Gummischlauch im Gegenlicht

Brittens „Peter Grimes“ in der Staatsoper: Alles großartig und trotzdem kalt  ■ Von Stefan Siegert

Eine Windmaschine? Zu laut. Ein paar Wasserspritzer im Gegenlicht aus dem Gummischlauch? Zu naturalistisch. Seltsam. Alles gefiel auf den ersten Blick und schien bestens bei der Premiere von Benjamin Brittens gesellschaftskritischem See-Stück Peter Grimes am Sonntag abend, Sänger, Regie, Bühnenbild und – wieder einmal und wieder fast triumphal – die Musik und ihre Darbietung. Und dennoch. Etwas fehlte. Der Applaus vor der Pause klang eigentümlich lustlos. Das Geschehen auf der Bühne kam nicht an, erregte nicht. Weder Mitgefühl noch Parteinahme.

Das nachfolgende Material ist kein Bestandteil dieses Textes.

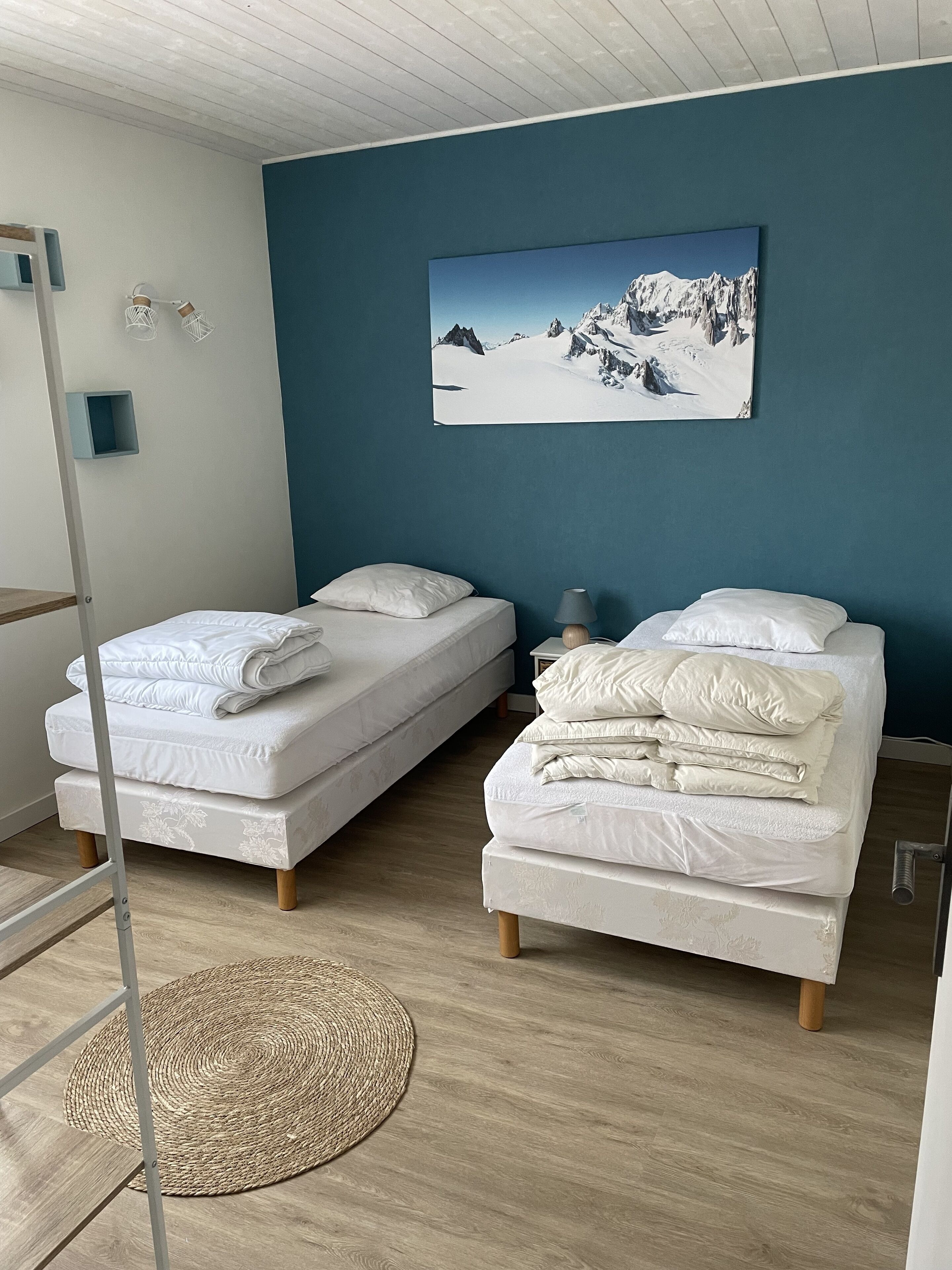 A bedroom with two beds, a blue accent wall, a mountain landscape painting, and a woven floor mat.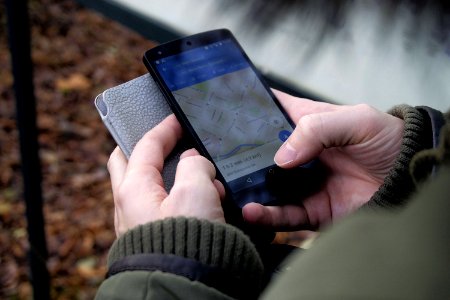 Person Looking At Map On Smartphone photo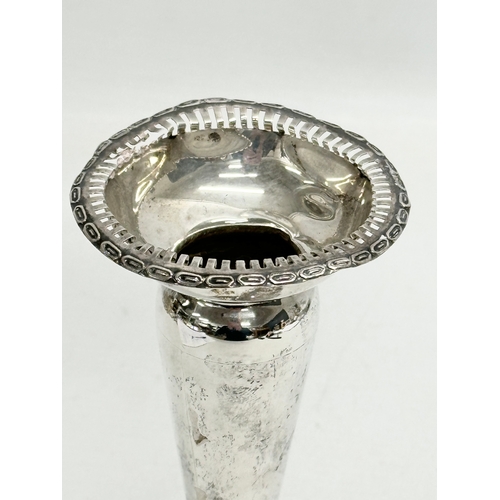 606 - An Early 20th Century silver rose vase. Phillip Ashberry & Sons, Sheffield, 1912. Filled. 16cm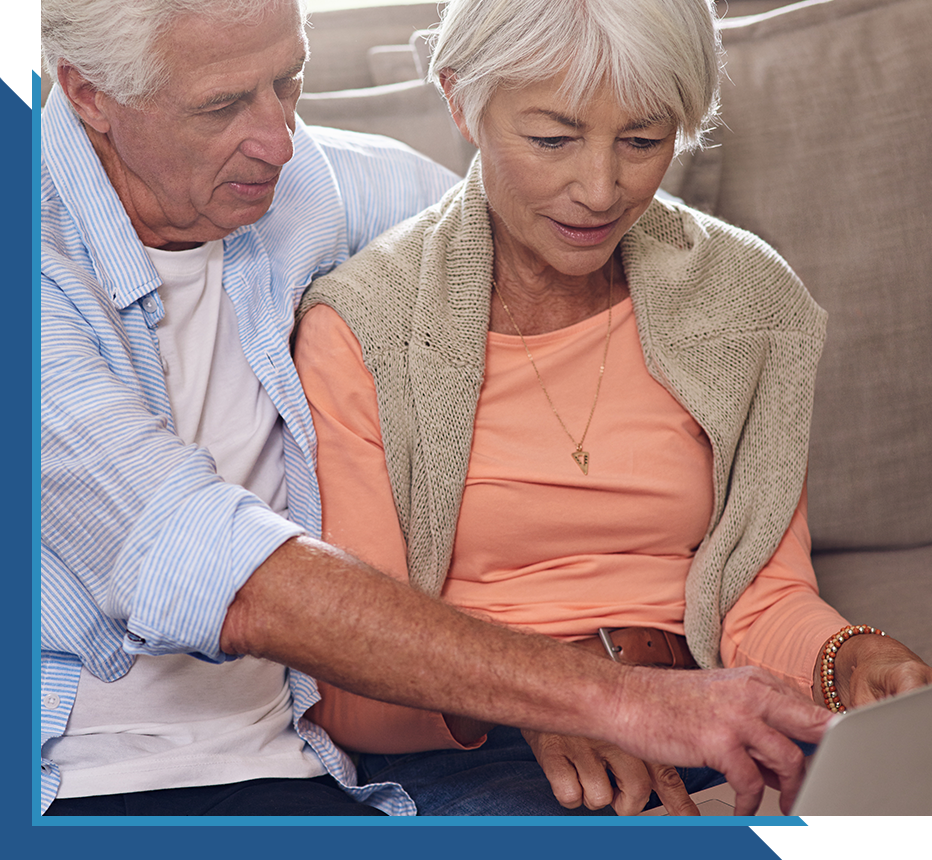 Older couple reviewing information together on a laptop at home.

Brittens Oper um den Fischer Peter Grimes aus Aldebourgh an der Ostküste Englands aber ist angelegt auf Mitgefühl für den Außenseiter in einer Gemeinschaft, die nur in ihren Einzelwesen hier und da menschliche Züge trägt, in ihrer Ganzheit aber mörderisch intolerant ist. Und auf Parteinahme für einen Täter – Peter Grimes ist im Zuge des harten Tagwerks auf See schuldig geworden am Tod dreier seiner Fischerjungen –, der sich im Verlauf der Handlung auch als Opfer erweist. Opfer einer Gesellschaft, die gnadenlos, mit großer Härte und um den Preis individuellen Glücks auf Reichtum = Ansehen = Geborgenheit dringt. Was Grimes als Kind und Erwachsener erlitt, hat er detailliert weitergegeben an die ihm anbefohlenen Kinder. Er hat so nicht allein sie auf dem Gewissen. Auch sich selbst.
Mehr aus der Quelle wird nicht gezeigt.